Nationalistisches Gedankengut und rechte Gewalt sind in Deutschland selbst zum 60. Geburtstag der Bundesrepublik immer noch ein leidiges Thema. Auch im Lahn-Dill-Kreis tun sich dabei immer wieder "Krisenherde" auf. So tauchten in den vergangen Jahren beispielsweise immer wieder Meldungen von NPD-Unterstützern auf, die auf regionalen Schulhöfen CDs und Broschüren mit rassistischen Botschaften verteilten. Nicht zuletzt deshalb setzen Pädagogen darauf, den Nachwuchs über die deutsche Vergangenheit zu informieren und die brutalen Verbrechen in der Nazi-Zeit bekannt zu machen.
Diese Aufklärung war eines der Ziele des Wahlpflichtkurses Musik der zehnten Realschul- und Gymnasialklassen der Johann-Textor-Schule. In ihrem Musical wollten sie das Leben von Anne Frank - einem der bekanntesten Opfer der Nazis - beleuchten. "Das Ziel aller schulischen Bildung ist es, eine Wiederholung der Dinge, die in Auschwitz und anderen KZs geschehen sind, in der Zukunft zu verhindern", erklärte Leiter und Initiator des Stückes, Musiklehrer Jürgen Poggel.
Die Schüler präsentierten sehr professionell das in der "Icker Musicalwerkstatt" von Jugendlichen für Jugendliche verfasste Stück. Die Professionalität galt dabei sowohl auf, als auch hinter der Bühne. Aus dem Wahlpflichtkurs Musik - mit dem die meisten wohl einen Schülerchor verbinden würden - hat sich in den letzten Jahren ein vielfältiges Konstrukt aus Sängern, Musikern, aber auch Beleuchtungs- und Tontechnikern entwickelt.
Der Inhalt stellte einen gekonnten Bezug von der Gegenwart zur Zeit vor und während des Zweiten Weltkriegs dar: Nachdem ein paar Jugendliche eine Hakenkreuz-Schmiererei entdecken, stellt sich heraus, dass sie völlig unterschiedliche Meinungen (und Kenntnisse) über das Dritte Reich haben.

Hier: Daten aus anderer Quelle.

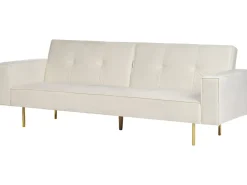 Divano letto 3 posti VISNES Velluto Bianco sporco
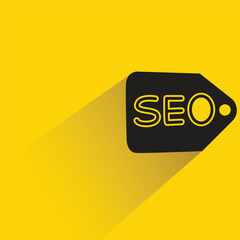 seo tag with shadow on yellow background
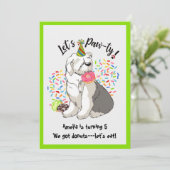 Oud Engels Sheepdog Birthday Party Invitation Kaart (Staand voorkant)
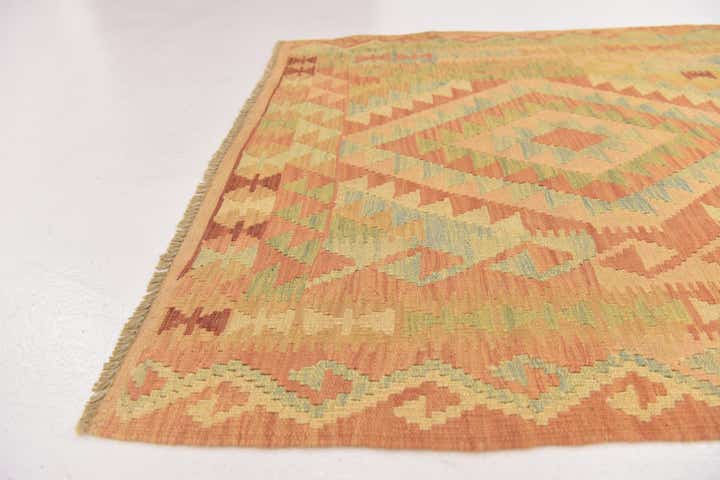 3' 2 x 5' 2 Hand Woven Kilim Waziri Wool Rug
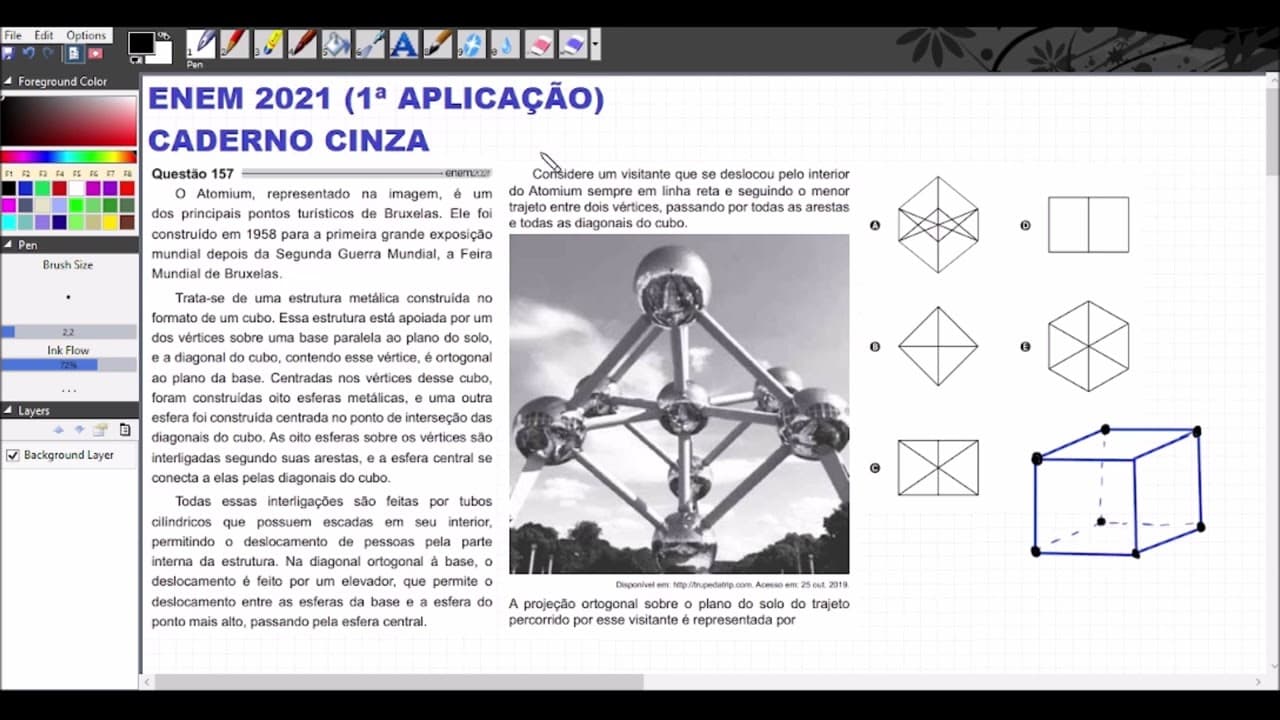 Thumbnail: ENEM 2021 - Atomium de Bruxelas e a Projeção Ortogonal sobre o solo - Questão 157 (Caderno Cinza)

Da niemand aber so wirklich weiß, was damals passiert ist, fangen sie an, sich mit der Geschichte von Anne Frank zu beschäftigen. Frank - die am 12. Juni 2009 80 Jahre alt geworden wäre - berichtete in ihrem Tagebuch einer Freundin (Spitzname "Kitty") von ihrer Zeit während der Judenverfolgung.
Gekonnt stellte Christine Müller die junge Anne Frank dar, die als sehr durchsetzungsstark galt. Glaubhaft vermittelten die Schüler die Fassungslosigkeit der Juden auf der einen und die plötzliche Feindseligkeit der ehemaligen Freunde auf der anderen Seite. Mit Liedern wurden Stimmung und Handlung immer wiederauf einen Punkt gebracht. Die von Jugendlichen verfassten Texte hatte dabei eine fast schmerzende Deutlichkeit. Mit Zeilen wie "Ausländer raus, "Kranke raus [...] wir schmeißen alle raus, die uns stören!" brachten die Texte die Skrupellosigkeit der damaligen Zeit auf den Punkt.
Auch der traurige Tod Anne Franks im KZ Bergen-Belsen - eine Woche vor der Befreiung durch die Alliierten - wurde behandelt. Dieser Aspekt war auch emotional ein Höhepunkt des Abends. Schon während des Stückes war unter den Gästen die Betroffenheit über die Geschichte der jungen Jüdin erkennbar, die im Finale fast unerträglich wurde. Viele Besucher kehrten äußerst nachdenklich nach Hause zurück.
Direktor Dr. Gerald Lohwasser hatte schon vor Beginn der Aufführung erklärt, "aus Respekt vor der Geschichte" werde eine Danksagung an die Schauspieler und anderen Mitwirkenden am nächsten Tag nachgeholt: "Alles andere wäre respektlos." Jürgen Poggel schloss sich dieser Aussage an: "Das Stück klingt ruhig aus, und alle sollten daran denken, dass - wenn sie klatschen - dies der Leistung der Schüler gilt und nicht den Geschehnissen vor rund 60 Jahren."